Description of the task. All that is wanted is a word-for-word retyping of the lines from the one containing "Sonnenbrille #E Sandstorm Polarized" through the end of the material below.
(Beginning of Working data)
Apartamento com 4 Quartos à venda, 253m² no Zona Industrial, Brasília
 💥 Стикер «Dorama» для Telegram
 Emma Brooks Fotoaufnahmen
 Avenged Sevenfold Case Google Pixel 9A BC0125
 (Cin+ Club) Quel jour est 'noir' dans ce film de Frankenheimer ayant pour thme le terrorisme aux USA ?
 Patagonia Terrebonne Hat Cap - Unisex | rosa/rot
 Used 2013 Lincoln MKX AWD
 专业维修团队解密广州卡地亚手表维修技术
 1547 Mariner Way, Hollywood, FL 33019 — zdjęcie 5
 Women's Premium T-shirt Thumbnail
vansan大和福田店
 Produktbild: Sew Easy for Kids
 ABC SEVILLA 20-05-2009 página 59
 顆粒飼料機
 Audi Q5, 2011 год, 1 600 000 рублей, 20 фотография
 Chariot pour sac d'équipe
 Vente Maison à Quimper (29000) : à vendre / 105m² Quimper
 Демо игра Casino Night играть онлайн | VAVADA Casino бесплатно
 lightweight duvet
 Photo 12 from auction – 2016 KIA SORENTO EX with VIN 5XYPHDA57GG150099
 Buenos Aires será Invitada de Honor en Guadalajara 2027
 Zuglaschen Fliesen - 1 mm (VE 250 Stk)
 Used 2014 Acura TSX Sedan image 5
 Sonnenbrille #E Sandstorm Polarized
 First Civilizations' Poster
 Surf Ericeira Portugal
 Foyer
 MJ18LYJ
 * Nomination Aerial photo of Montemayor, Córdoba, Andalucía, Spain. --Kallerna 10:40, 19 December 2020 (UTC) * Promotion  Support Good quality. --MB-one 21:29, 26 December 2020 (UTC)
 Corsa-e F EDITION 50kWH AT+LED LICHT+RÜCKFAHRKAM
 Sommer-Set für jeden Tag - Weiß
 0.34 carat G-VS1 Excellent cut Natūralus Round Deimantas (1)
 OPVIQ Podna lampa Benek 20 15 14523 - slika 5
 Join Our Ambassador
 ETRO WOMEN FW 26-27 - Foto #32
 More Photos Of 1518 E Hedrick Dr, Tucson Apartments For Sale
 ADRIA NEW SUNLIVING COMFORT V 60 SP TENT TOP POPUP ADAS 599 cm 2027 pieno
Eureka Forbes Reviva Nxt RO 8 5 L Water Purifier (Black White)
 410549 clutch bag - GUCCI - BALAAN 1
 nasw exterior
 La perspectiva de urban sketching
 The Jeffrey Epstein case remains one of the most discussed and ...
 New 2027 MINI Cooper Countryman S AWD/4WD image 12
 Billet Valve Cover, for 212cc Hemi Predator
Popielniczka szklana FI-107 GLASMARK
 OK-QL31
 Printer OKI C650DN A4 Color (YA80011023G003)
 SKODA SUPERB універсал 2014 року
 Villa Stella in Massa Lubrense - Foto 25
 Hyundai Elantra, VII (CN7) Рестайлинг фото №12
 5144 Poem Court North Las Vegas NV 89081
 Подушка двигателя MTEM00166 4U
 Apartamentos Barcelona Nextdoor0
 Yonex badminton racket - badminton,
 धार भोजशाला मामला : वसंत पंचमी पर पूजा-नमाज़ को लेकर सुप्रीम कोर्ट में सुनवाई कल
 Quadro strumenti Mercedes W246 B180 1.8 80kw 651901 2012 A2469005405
(End of Working data)
Exercise response.
 Sonnenbrille #E Sandstorm Polarized
 First Civilizations' Poster
 Surf Ericeira Portugal
 Foyer
 MJ18LYJ
 * Nomination Aerial photo of Montemayor, Córdoba, Andalucía, Spain. --Kallerna 10:40, 19 December 2020 (UTC) * Promotion  Support Good quality. --MB-one 21:29, 26 December 2020 (UTC)
 Corsa-e F EDITION 50kWH AT+LED LICHT+RÜCKFAHRKAM
 Sommer-Set für jeden Tag - Weiß
 0.34 carat G-VS1 Excellent cut Natūralus Round Deimantas (1)
 OPVIQ Podna lampa Benek 20 15 14523 - slika 5
 Join Our Ambassador
 ETRO WOMEN FW 26-27 - Foto #32
 More Photos Of 1518 E Hedrick Dr, Tucson Apartments For Sale
 ADRIA NEW SUNLIVING COMFORT V 60 SP TENT TOP POPUP ADAS 599 cm 2027 pieno
Eureka Forbes Reviva Nxt RO 8 5 L Water Purifier (Black White)
 410549 clutch bag - GUCCI - BALAAN 1
 nasw exterior
 La perspectiva de urban sketching
 The Jeffrey Epstein case remains one of the most discussed and ...
 New 2027 MINI Cooper Countryman S AWD/4WD image 12
 Billet Valve Cover, for 212cc Hemi Predator
Popielniczka szklana FI-107 GLASMARK
 OK-QL31
 Printer OKI C650DN A4 Color (YA80011023G003)
 SKODA SUPERB універсал 2014 року
 Villa Stella in Massa Lubrense - Foto 25
 Hyundai Elantra, VII (CN7) Рестайлинг фото №12
 5144 Poem Court North Las Vegas NV 89081
 Подушка двигателя MTEM00166 4U
 Apartamentos Barcelona Nextdoor0
 Yonex badminton racket - badminton,
 धार भोजशाला मामला : वसंत पंचमी पर पूजा-नमाज़ को लेकर सुप्रीम कोर्ट में सुनवाई कल
 Quadro strumenti Mercedes W246 B180 1.8 80kw 651901 2012 A2469005405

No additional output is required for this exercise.